The petition shall likewise be accompanied by a certified true copy of the judgment, order or resolution subject thereof, copies of all pleadings and
documents relevant and pertinent thereto, and a sworn certification of non-forum shopping as provided in the last paragraph of Section 3, Rule 46. (2a)

Consequently, petitioners claim that he had the right to intervene is without basis. Nothing in the said provision requires the inclusion of a private party
as respondent in petitions for prohibition. On the other hand, to allow intervention, it must be shown that (a) the movant has a legal interest in the matter
in litigation or otherwise qualified, and (b) consideration must be given as to whether the adjudication of the rights of the original parties may be delayed
or prejudiced, or whether the intervenors rights may be protected in a separate proceeding or not. Both requirements must concur as the first is not more
important than the second.[5]

In the case at bar, it cannot be said that petitioners right as a judgment creditor was adversely affected by the lifting of the levy on the subject real
property. Records reveal that there are other pieces of property exclusively owned by the defendants in the HLURB case that can be levied upon.

Moreover, even granting for the sake of argument that petitioner indeed had the right to intervene, he must exercise said right in accordance with the
rules and within the period prescribed therefor.

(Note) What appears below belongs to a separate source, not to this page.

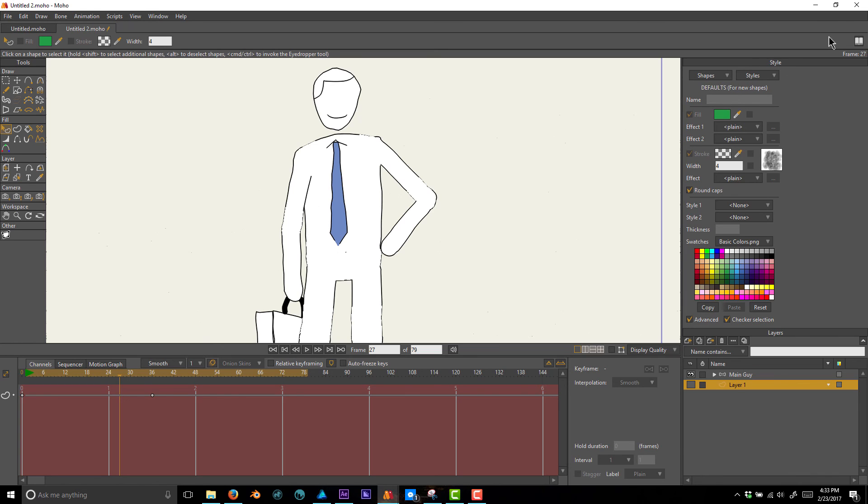So that's the sketchbook effect in Moho. Thanks for watching, and I'll see you guys next week.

As provided in the Rules of Court, the motion for intervention may be filed at any time before rendition of judgment by the trial court.[6] Petitioner filed his
motion only on April 25, 2002, way beyond the period set forth in the rules. The court resolution granting private respondents petition for prohibition and
lifting the levy on the subject property was issued on March 22, 2002. By April 6, 2002, after the lapse of 15 days, the said resolution had already
become final and executory.

Besides, the mere fact that petitioner failed to move for the reconsideration of the trial courts resolution is sufficient cause for the outright dismissal of the
instant petition. Certiorari as a special civil action will not lie unless a motion for reconsideration is first filed before the respondent court to allow it an
opportunity to correct its errors, if any.

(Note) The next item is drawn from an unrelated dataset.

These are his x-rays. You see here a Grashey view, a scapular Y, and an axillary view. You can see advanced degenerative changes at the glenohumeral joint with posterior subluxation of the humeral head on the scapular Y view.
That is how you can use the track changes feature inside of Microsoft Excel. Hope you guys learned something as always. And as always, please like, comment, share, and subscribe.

Finally, grave abuse of discretion is committed when the power is exercised in an arbitrary or despotic manner by reason of passion or personal hostility.
The Court fails to find grave abuse of discretion committed by public respondent judge in rendering the assailed resolution and order.

WHEREFORE, the petition is hereby dismissed for lack of merit.

SO ORDERED.

Puno, (Chairman), Panganiban, Sandoval-Gutierrez, and Carpio-Morales, JJ., concur.